» bibel » Espiritualidad » Vidas de Cristo » La Historia de Jesucristo (por Bruckberger - 1964) » Cuarta Parte.- La Gloria de Jesucristo
XXIV.- La Resurrección (IX)
99. Tras la aparición a María Magdalena, se sitúa una aparición a Simón Pedro, de la que no se sabe nada sino que tuvo lugar. Luego estuvo la aparición en el camino de Emaús, ilustrada por Rembrandt con tan, púdica piedad.
Lucas cuenta: "Y en esto dos de ellos, ese día, iban de camino a una aldea que está a sesenta estadios de Jerusalén, llamada Emaús, y conversaban entre ellos sobre todo lo sucedido. Mientras conversaban y discutían, el mismo Jesús se acercó a caminar con ellos, pero sus ojos fueron incapaces de reconocerle. Él les dijo: -¿Qué asuntos son esos que discutís entre vosotros caminando?-. Ellos se detuvieron, con la cara ensombrecida. Y le contestó uno, llamado Cleofás: -¿Tú eres el único que vives en Jerusalén y no sabes lo que ha pasado allí en estos días?-. Él les dijo: -¿Qué?-. Y le dijeron: -Lo de Jesús el Nazareno, que llegó a ser profeta poderoso en obra y palabra ante Dios y todo el pueblo: cómo le entregaron nuestros sacerdotes y nuestros jefes a la pena de muerte y le crucificaron. Nosotros teníamos esperanza de que éste fuera el que iba a liberar a Israel, pero, con todo, ya hace tres días desde que pasó eso. Cierto es que algunas mujeres de las nuestras nos han asustado, porque han ido de madrugada al sepulcro, y, sin encontrar su cuerpo, han venido diciendo que han visto una aparición de ángeles que les dijeron que él vive. Y algunos de los nuestros han ido al sepulcro y lo han encontrado como dijeron las mujeres, pero a él no le han visto-. Entonces él les dijo: -¡Ah tontos y lentos de corazón para creer todo lo que dijeron los profetas! ¿No era necesario que el Cristo padeciera eso para entrar en su gloria?-. Y, empezando por Moisés y por todos los profetas, les explicó en todas las Escrituras lo que había sobre él. Y al acercarse a la aldea a donde iban, él pareció que seguía adelante. Pero ellos le apremiaron, diciendo: -Quédate con nosotros, porque atardece y ya ha terminado el día-. Él entró a quedarse con ellos. Y al sentarse juntos, tomó el pan, dijo la bendición, lo partió y se lo dio. Y a ellos se les abrieron los ojos, y le reconocieron; y él había desaparecido. Y se dijeron uno a otro: -¿No estaba ardiendo nuestro corazón en nosotros cuando hablaba por el camino, explicándonos las Escrituras?-."(Lc. 24,13-32)

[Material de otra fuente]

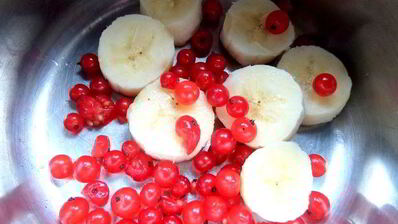 смородиновый смузи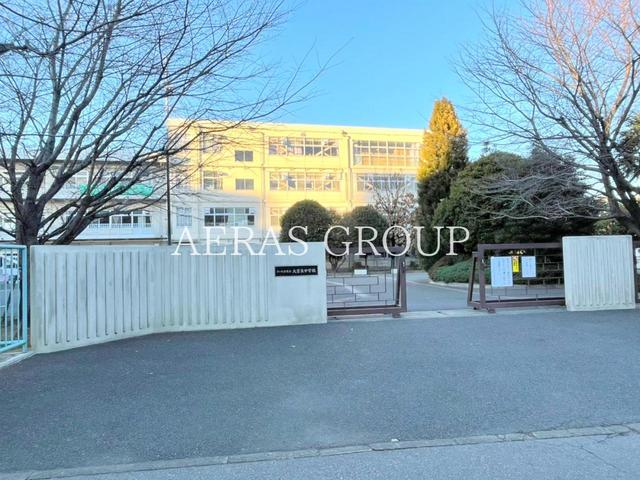 中学校　さいたま市立大宮東中学校（中学校）まで460m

Ahí está Jesús resucitado, en busca de los suyos, por los caminos. Visiblemente, les reconoce, pero a él no se le reconoce, al menos no enseguida. Quiere ante todo calentarles el corazón, conquistar el espíritu, antes de desvelarse por completo. Es gran cortesía por su parte. Son también juegos de amor. En todos los tiempos, los enamorados han practicado entre ellos los disfraces y las sorpresas. Sobre todo, en las circunstancias felices. Tras una terrible lucha, Jesús ha ganado, recobra a los suyos, y no puede menos de asombrarles y sorprenderles; no es mentira, es poesía del amor. Quizá se apareció a otros muchos que, no teniendo el corazón y el espíritu ocupados con él, no fueron dignos de que él se hiciera reconocer. Es oportuno citar aquí las palabras de Pascal: "No me buscarías, si no me hubieras encontrado ya".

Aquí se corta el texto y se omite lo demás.